- **Exercise aim**
Everything from the line with "THK0259 Hot Sales" to the line with "Red floral Print Kurta Set" in the listing below, both lines included, needs to be copied exactly, apart from the pictures.

- **Source records**
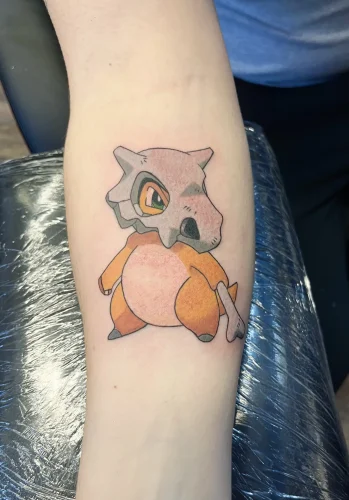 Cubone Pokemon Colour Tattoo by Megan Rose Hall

* * *

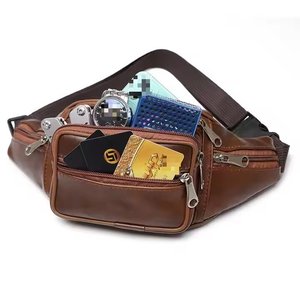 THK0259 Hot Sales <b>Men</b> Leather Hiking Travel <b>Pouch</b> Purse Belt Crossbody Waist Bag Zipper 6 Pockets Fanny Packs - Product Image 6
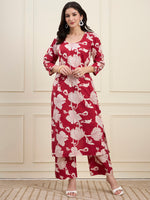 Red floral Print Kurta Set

---

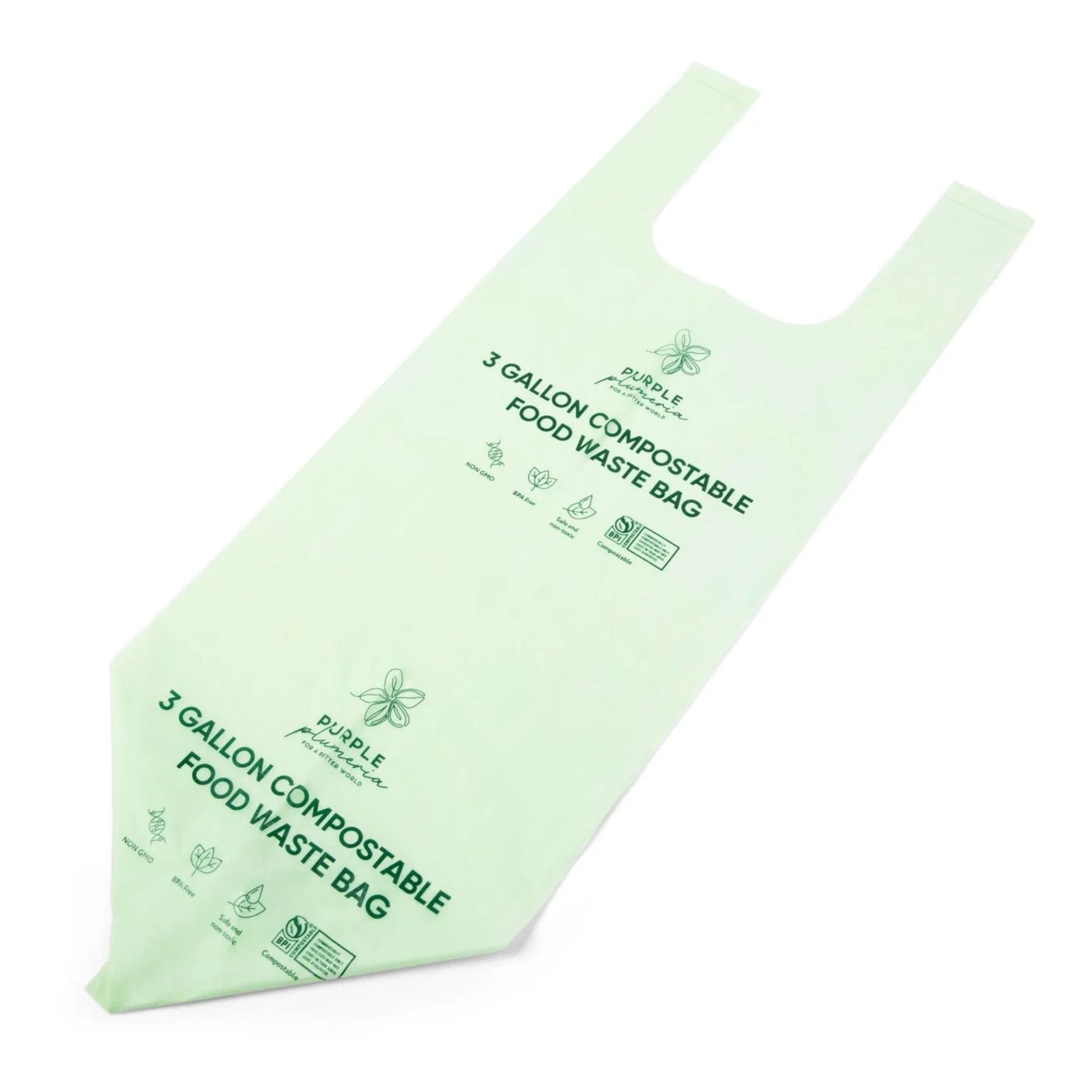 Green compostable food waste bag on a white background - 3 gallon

- **Solution for this problem**
 THK0259 Hot Sales <b>Men</b> Leather Hiking Travel <b>Pouch</b> Purse Belt Crossbody Waist Bag Zipper 6 Pockets Fanny Packs - Product Image 6
 Red floral Print Kurta Set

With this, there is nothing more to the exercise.